2023.01.01

The Difference Between Privacy and Security is the Protagonist

For decades privacy and security have been seen by technologists, journalists, investors, and researchers as fundamentally separate concepts and goals. This has been true despite the fact that to achieve both security and privacy we often use the same technological building blocks. That split between “privacy” and “security” might have been true and sensible once, but the world has changed, and the old rules and thinking no longer apply.

Privacy and Security Storytime

We’ve all heard stories – narratives, tales, counterfactuals, cybersecurity playbooks – that explore our data and metadata, our access and control of systems, and the bad things that might happen. The conventional narratives fit into a strict binary: a privacy narrative involving an ordinary user as the protagonist and a security narrative involving an enterprise or large organization as the protagonist.

The Privacy Story

The privacy narrative goes like this:

An ordinary user wants to simply go about their life but is buffeted by the forces of large companies and governments who care little for them. Large companies want user data to mine, aggregate, and sell. Governments want user data to surveil and coerce. A user is helpless: they cannot control their own fate, and have no control over their own data and metadata.

The Security Story

The security narrative goes like this:

An enterprise or government hires a team of professionals to ensure that the organization’s most important secrets – their data and, ideally, metadata – is protected from unauthorized parties and that control over internal systems remains in the hands of the right people within the organization. The enterprise has control over its users, its systems, and its partners.

Stories Change

There’s a lot of truth to these narratives, but the context has shifted underneath our feet. Like all narratives, they eventually overstayed their welcome. In the last few years the world has changed and the technology we all use has changed enough that these narratives, despite still containing shades of truth, are in need of some serious updating.

The main change that’s taken place is that there’s almost no difference between consumer technology and “enterprise” technology any longer. It used to be the case that companies and governments would have special hardware and software, often issued to their workers. Many if not most organizations have shifted to “bring your own device.” While some organizations do still provide devices, they are built on the same hardware platforms as consumer devices. On the software side, organizations largely use the same cloud-based services that ordinary users use in their personal lives, with the only minor difference that they pay for those services rather than getting them for free like individual users do.

A New Privacy and Security Narrative

The only practical difference between privacy and security today is the protagonist of the story.
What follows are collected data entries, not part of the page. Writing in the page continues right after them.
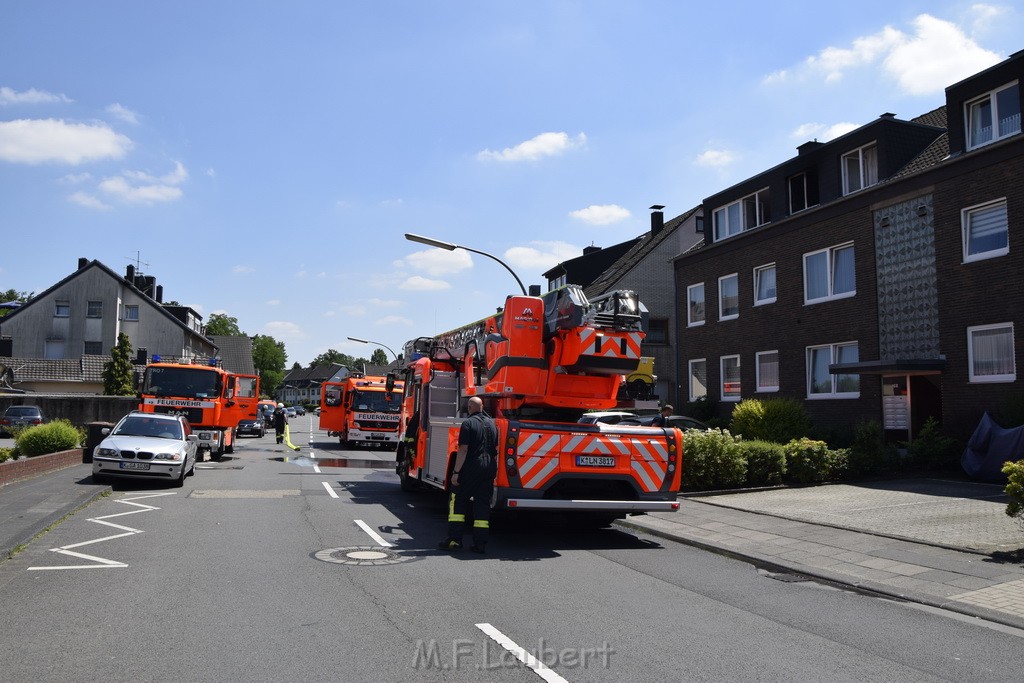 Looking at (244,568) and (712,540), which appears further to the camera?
(712,540)

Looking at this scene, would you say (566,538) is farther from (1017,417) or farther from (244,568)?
(1017,417)

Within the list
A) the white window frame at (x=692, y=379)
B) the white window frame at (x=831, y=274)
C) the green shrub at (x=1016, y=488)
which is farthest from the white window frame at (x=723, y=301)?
the green shrub at (x=1016, y=488)

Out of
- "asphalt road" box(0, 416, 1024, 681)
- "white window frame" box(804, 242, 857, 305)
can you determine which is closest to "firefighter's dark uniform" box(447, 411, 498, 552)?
"asphalt road" box(0, 416, 1024, 681)

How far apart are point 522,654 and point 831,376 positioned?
64.2 ft

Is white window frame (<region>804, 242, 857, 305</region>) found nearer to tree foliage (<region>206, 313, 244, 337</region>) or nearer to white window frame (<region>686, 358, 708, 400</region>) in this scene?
white window frame (<region>686, 358, 708, 400</region>)

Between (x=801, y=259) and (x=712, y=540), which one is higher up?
(x=801, y=259)

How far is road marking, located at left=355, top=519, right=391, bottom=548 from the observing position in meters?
9.38

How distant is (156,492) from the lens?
14406 millimetres

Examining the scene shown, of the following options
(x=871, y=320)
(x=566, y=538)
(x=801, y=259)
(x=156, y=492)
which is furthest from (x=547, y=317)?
(x=801, y=259)

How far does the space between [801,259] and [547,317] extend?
15.9 m

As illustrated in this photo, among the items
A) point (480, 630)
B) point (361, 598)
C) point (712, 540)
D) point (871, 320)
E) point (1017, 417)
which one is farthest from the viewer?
point (871, 320)

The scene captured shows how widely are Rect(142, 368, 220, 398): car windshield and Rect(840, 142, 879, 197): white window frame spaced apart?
61.6ft

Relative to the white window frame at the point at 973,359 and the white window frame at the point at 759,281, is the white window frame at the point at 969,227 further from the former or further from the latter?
the white window frame at the point at 759,281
Because of those old narratives, we use the term privacy when we talk about individuals and the term security when we talk about organizations. (Of course this simplified view lacks nuance as privacy is in fact a social, collective good. A world with no privacy has a chilling effect on discourse and behavior, alas.) We say “nobody will pay for privacy, nobody cares” but “everyone has to pay for security, it’s essential.” But we’re talking about the same risks, technologies, and even objectives.

Individual privacy is synonymous with group security. It’s the same hardware, same software, and same network protocols. The same cloud providers provide services for both, and are at risk of the same kinds of breaches and misbehavior in both cases.

This distinction about the protagonist and the words privacy and security is even true when we aren’t talking about computing. When we talk about privacy in medical care, we are talking about protecting an individual’s medical care. When we talk about security in a home, we are talking about protecting a family’s shared dwelling.

Privacy and Security in a Cloudy World

We’re aren’t going to stop using the words privacy and security anytime soon. Privacy will probably still mean “protecting an individual” and security will probably still mean “protecting an organization or group.” But we should be aware that when we’re using these words they don’t have the same underlying distinction they once did. Privacy and security are now largely achieved using the same practices, technologies, and analysis.

We’ll be better off and more safe overall if we focus less on a false distinction between the two and instead on how we can solve security/privacy problems together, for everyone. An important step in that direction is focusing on trust: who do we trust, with what, and in what context. This framing sidesteps the false dichotomy of privacy vs. security and lets us focus on who has what data for what purpose. It also lets us focus on how to decouple access to our data and metadata so that we can still accomplish the things we want without having to sacrifice either security or privacy.